--- Exercise data Enclosed Below ---
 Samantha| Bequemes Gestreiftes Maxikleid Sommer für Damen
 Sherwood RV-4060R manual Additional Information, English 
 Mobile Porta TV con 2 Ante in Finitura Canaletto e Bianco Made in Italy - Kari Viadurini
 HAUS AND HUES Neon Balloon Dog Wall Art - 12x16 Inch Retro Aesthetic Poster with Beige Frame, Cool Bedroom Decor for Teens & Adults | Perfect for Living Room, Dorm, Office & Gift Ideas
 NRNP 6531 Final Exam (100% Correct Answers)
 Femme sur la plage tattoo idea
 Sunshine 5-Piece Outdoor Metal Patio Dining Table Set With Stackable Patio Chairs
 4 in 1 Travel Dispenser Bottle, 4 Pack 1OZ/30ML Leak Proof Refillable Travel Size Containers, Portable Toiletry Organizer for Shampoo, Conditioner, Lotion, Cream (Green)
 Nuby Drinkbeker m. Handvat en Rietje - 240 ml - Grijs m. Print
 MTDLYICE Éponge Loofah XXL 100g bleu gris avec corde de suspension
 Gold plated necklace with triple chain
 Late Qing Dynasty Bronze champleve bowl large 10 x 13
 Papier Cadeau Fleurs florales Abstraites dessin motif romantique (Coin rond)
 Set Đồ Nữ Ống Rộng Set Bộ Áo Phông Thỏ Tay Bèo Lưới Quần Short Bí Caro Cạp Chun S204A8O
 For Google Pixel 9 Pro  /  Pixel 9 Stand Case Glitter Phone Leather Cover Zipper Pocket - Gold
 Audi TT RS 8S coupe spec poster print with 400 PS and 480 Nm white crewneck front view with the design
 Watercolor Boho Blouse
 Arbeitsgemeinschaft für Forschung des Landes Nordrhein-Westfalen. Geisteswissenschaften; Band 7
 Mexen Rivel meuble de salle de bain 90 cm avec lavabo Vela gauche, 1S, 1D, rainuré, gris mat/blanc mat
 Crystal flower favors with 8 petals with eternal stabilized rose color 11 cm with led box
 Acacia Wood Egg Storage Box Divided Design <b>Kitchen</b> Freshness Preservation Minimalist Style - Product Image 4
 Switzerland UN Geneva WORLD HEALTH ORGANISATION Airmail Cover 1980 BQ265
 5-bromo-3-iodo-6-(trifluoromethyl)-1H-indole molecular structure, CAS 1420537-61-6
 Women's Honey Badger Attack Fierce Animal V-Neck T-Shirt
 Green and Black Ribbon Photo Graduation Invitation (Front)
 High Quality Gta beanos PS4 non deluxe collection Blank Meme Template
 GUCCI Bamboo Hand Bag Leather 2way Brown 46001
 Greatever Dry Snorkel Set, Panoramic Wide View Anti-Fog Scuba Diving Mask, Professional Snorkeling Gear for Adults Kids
--- End of Enclosed Exercise data ---
§ **Work task**
The job here is to find each line above with the word "Adults" and copy it.

§ **Written solution**
 HAUS AND HUES Neon Balloon Dog Wall Art - 12x16 Inch Retro Aesthetic Poster with Beige Frame, Cool Bedroom Decor for Teens & Adults | Perfect for Living Room, Dorm, Office & Gift Ideas
 Greatever Dry Snorkel Set, Panoramic Wide View Anti-Fog Scuba Diving Mask, Professional Snorkeling Gear for Adults Kids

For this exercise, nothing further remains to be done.